* **Exercise objective**: Repeat exactly the lines of the material below that run from the "Person in quirky" line to the "Aged man giving advice to his adult son" line, including both, and do not carry over any pictures.

* **Provided data**:
┄┄┄┄┄┄┄┄┄┄

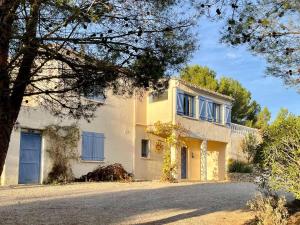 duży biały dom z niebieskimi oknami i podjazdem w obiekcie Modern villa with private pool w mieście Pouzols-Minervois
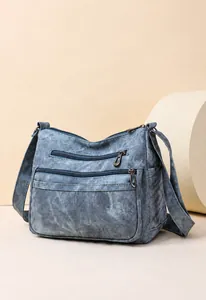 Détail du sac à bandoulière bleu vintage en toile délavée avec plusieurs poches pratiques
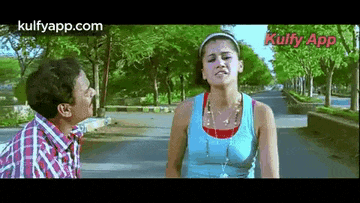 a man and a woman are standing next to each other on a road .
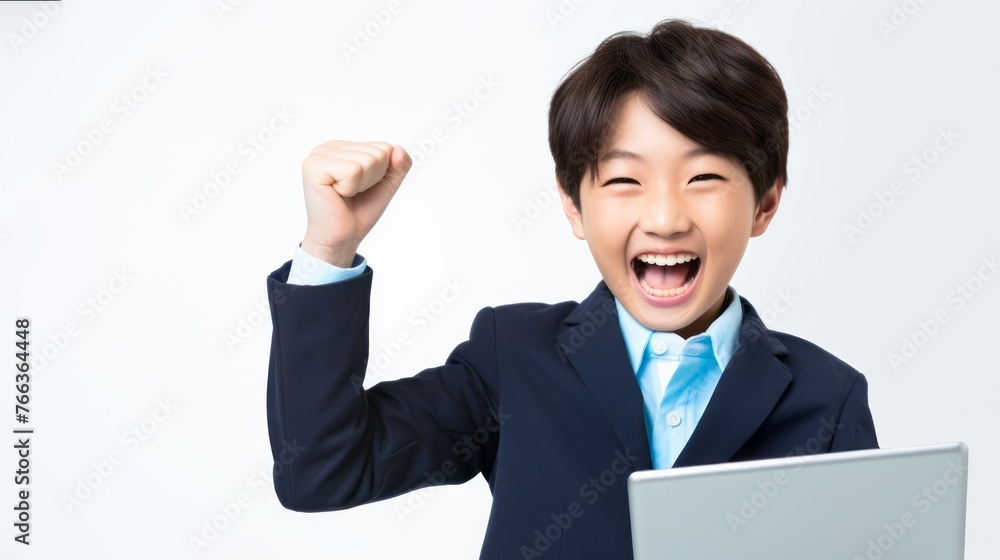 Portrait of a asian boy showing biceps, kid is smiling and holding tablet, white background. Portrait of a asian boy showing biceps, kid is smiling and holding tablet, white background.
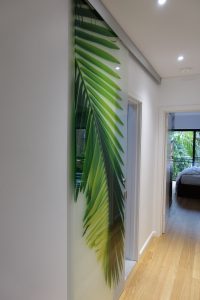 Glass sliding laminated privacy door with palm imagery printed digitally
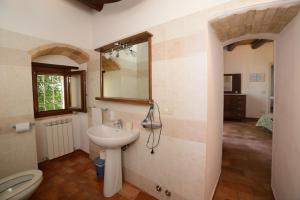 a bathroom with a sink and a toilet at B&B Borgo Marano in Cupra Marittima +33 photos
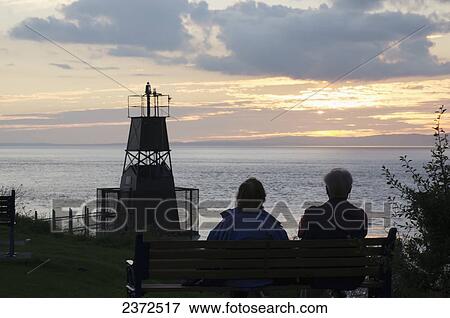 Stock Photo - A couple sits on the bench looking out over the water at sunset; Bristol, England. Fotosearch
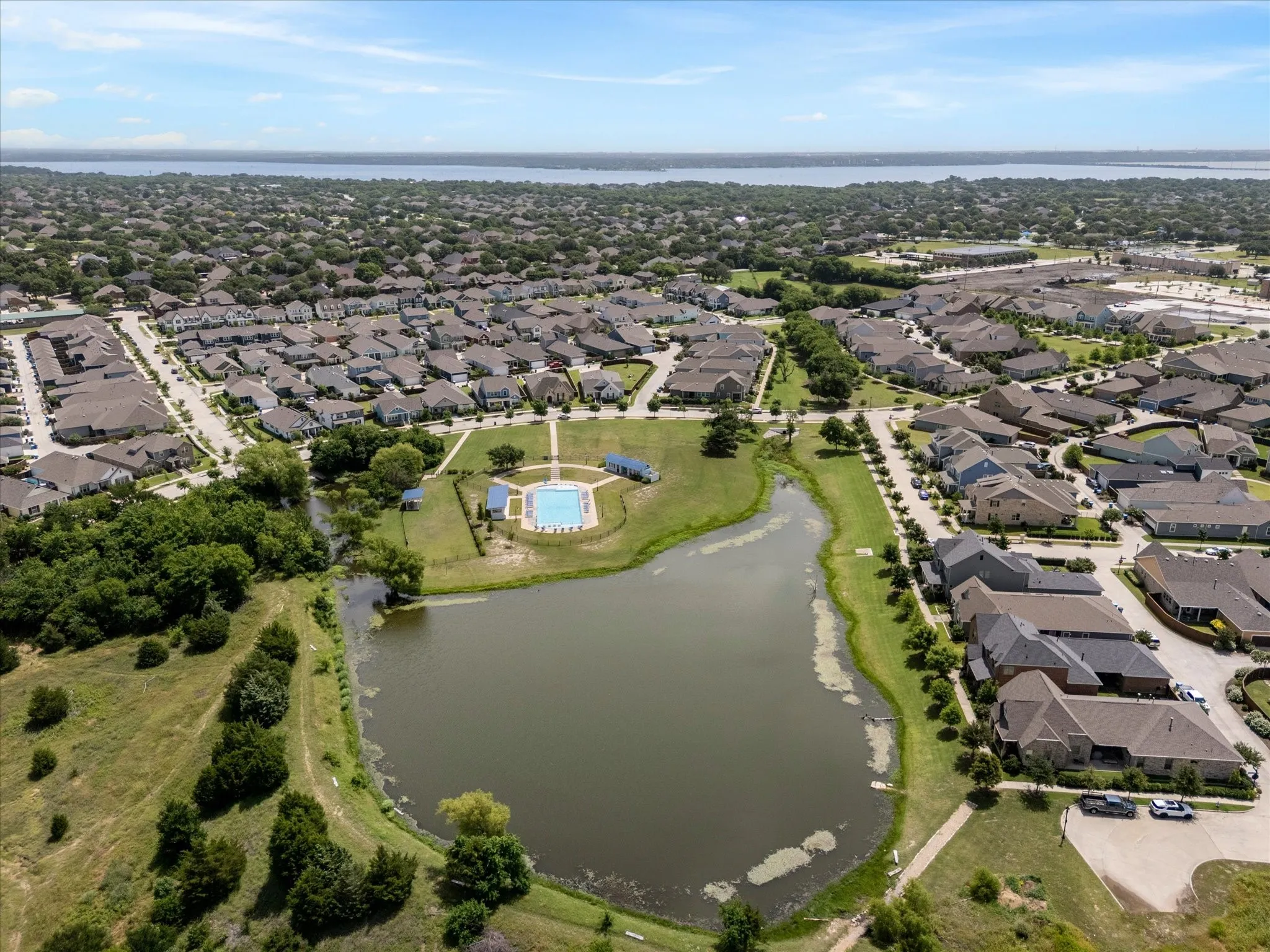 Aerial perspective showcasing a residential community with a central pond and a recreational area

┄┄┄┄┄┄┄┄┄┄

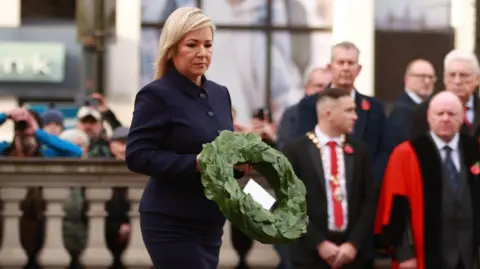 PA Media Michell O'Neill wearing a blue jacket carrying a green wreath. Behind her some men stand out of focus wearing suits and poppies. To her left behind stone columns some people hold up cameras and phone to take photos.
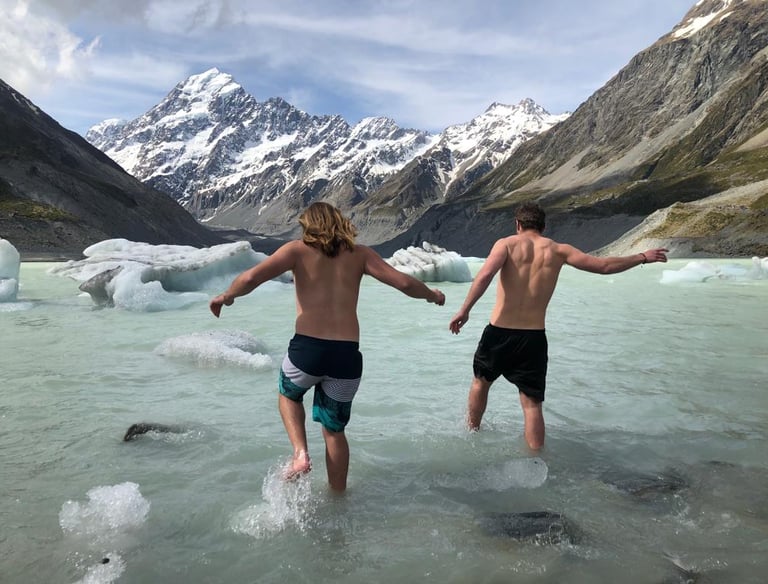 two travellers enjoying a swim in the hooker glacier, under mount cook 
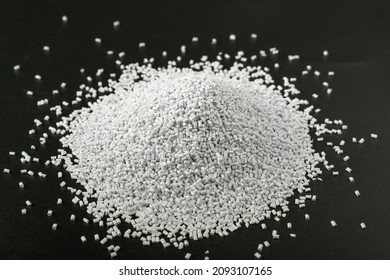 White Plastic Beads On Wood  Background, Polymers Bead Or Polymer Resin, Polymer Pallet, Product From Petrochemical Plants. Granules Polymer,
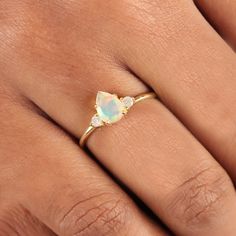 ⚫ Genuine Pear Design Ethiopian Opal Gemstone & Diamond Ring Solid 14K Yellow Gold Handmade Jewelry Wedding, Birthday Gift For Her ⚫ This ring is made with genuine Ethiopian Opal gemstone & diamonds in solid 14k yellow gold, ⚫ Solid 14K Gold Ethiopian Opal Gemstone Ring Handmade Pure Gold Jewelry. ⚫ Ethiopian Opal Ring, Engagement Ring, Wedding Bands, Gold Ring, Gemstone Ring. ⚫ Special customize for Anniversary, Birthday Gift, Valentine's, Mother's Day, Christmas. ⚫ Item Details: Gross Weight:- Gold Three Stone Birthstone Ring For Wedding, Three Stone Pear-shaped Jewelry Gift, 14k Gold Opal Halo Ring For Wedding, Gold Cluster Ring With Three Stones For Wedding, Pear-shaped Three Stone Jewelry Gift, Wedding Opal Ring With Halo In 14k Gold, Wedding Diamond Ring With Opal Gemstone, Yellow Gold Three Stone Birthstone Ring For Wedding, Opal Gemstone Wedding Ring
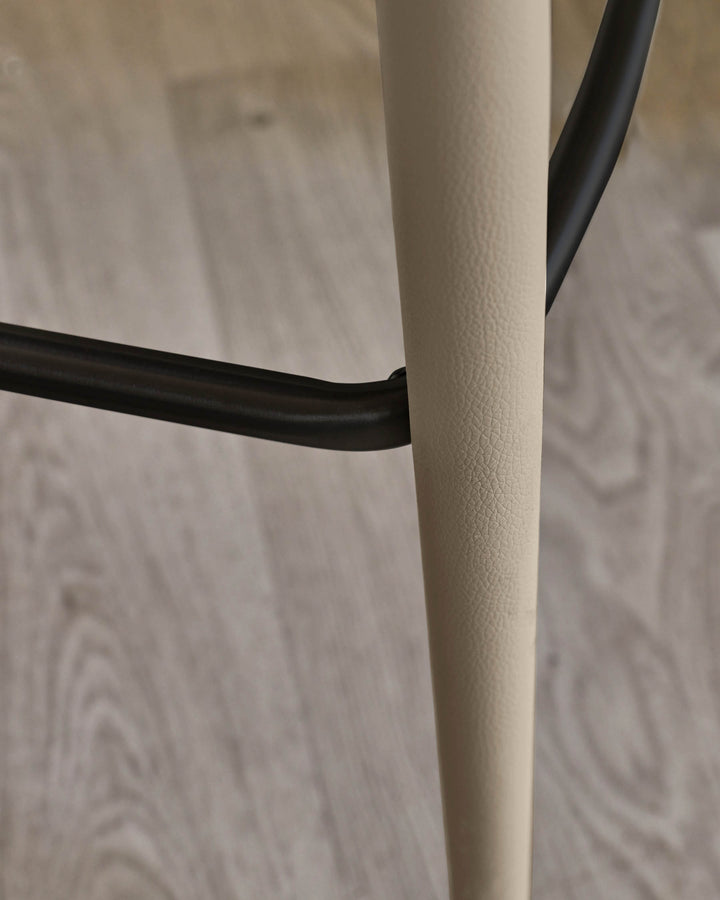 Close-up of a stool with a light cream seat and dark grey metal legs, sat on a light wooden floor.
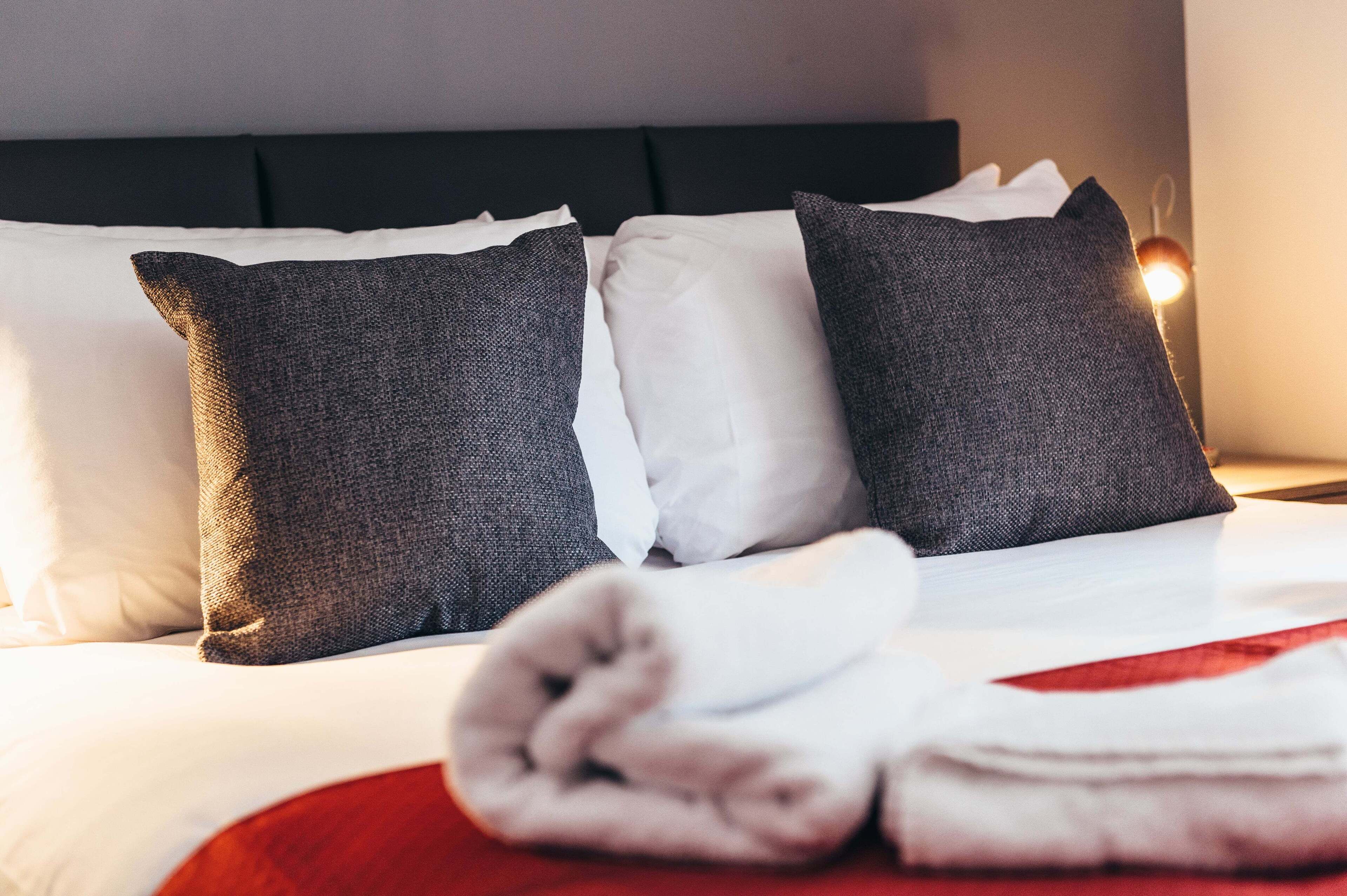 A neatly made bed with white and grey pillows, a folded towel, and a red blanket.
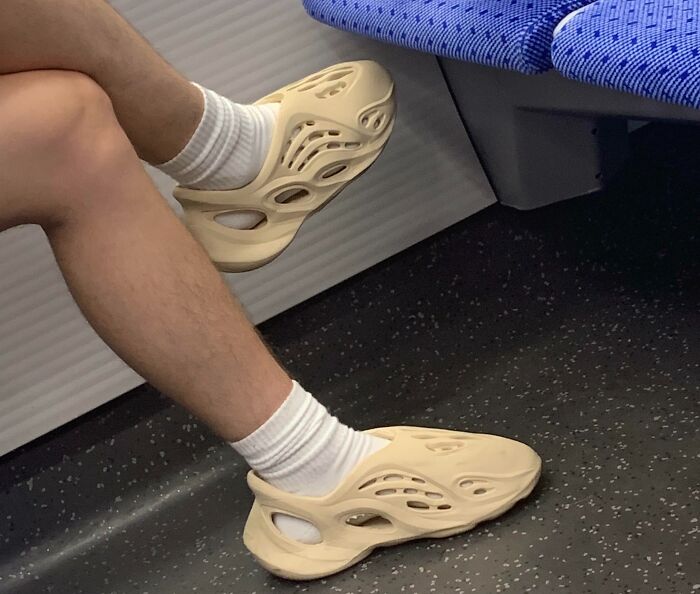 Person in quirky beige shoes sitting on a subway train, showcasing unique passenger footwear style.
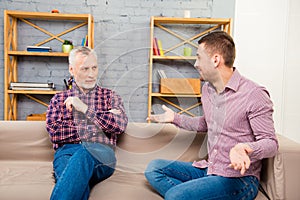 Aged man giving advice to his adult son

┄┄┄┄┄┄┄┄┄┄

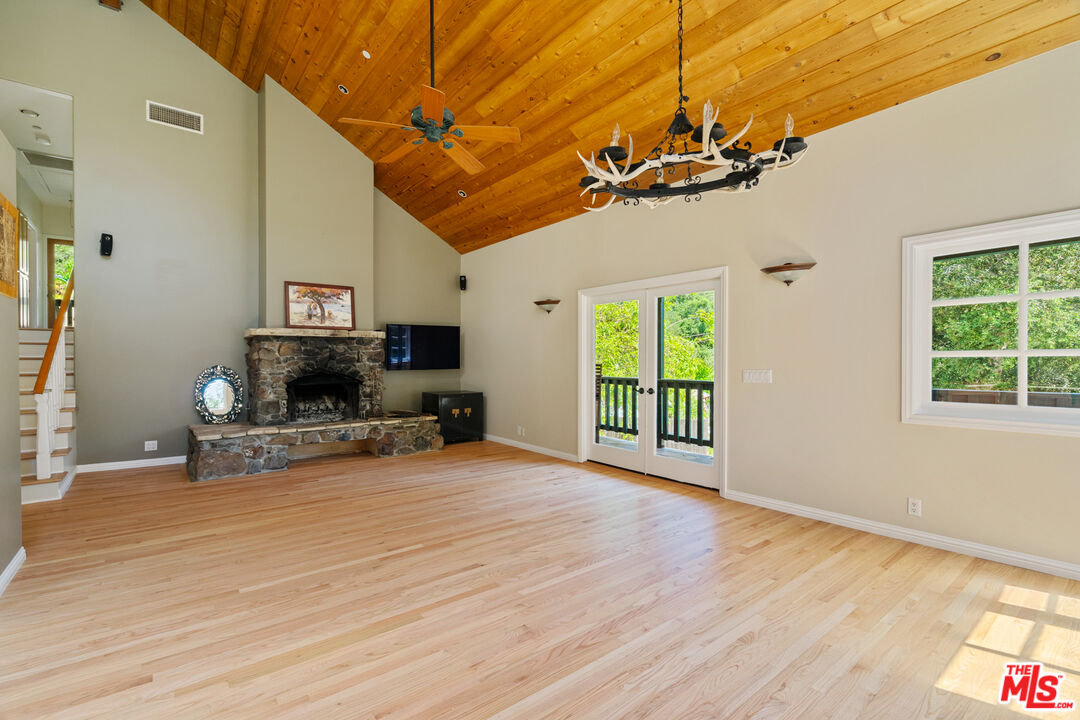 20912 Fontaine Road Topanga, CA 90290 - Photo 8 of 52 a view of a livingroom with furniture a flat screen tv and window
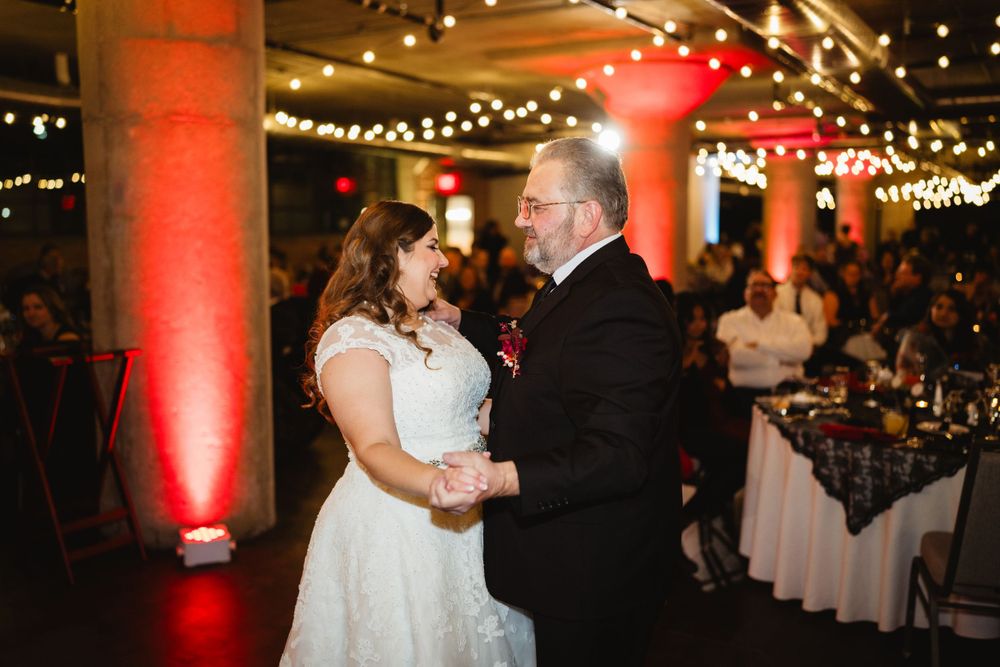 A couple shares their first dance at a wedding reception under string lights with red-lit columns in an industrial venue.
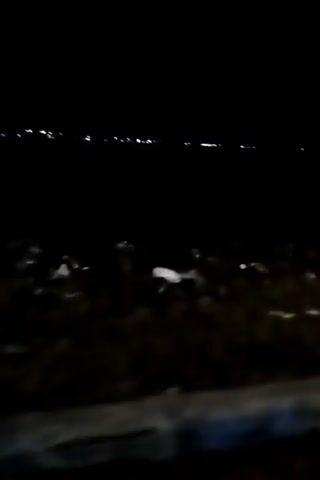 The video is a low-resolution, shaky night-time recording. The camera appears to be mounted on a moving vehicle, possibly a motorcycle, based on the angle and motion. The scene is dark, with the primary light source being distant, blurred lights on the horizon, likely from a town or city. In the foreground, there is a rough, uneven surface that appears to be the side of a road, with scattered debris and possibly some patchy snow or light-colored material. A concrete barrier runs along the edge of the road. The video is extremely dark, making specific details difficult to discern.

┄┄┄┄┄┄┄┄┄┄

* **Exercise response**:
 Person in quirky beige shoes sitting on a subway train, showcasing unique passenger footwear style.
 Aged man giving advice to his adult son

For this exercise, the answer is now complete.